Work task: Word for word, print all of the entries below.

[Entries taken from a collection]
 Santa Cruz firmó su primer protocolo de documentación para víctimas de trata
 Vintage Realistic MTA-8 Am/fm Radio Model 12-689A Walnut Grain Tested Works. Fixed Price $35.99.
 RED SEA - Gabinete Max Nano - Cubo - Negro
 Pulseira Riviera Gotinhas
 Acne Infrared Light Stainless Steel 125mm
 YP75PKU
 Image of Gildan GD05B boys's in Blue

Output:
 Santa Cruz firmó su primer protocolo de documentación para víctimas de trata
 Vintage Realistic MTA-8 Am/fm Radio Model 12-689A Walnut Grain Tested Works. Fixed Price $35.99.
 RED SEA - Gabinete Max Nano - Cubo - Negro
 Pulseira Riviera Gotinhas
 Acne Infrared Light Stainless Steel 125mm
 YP75PKU
 Image of Gildan GD05B boys's in Blue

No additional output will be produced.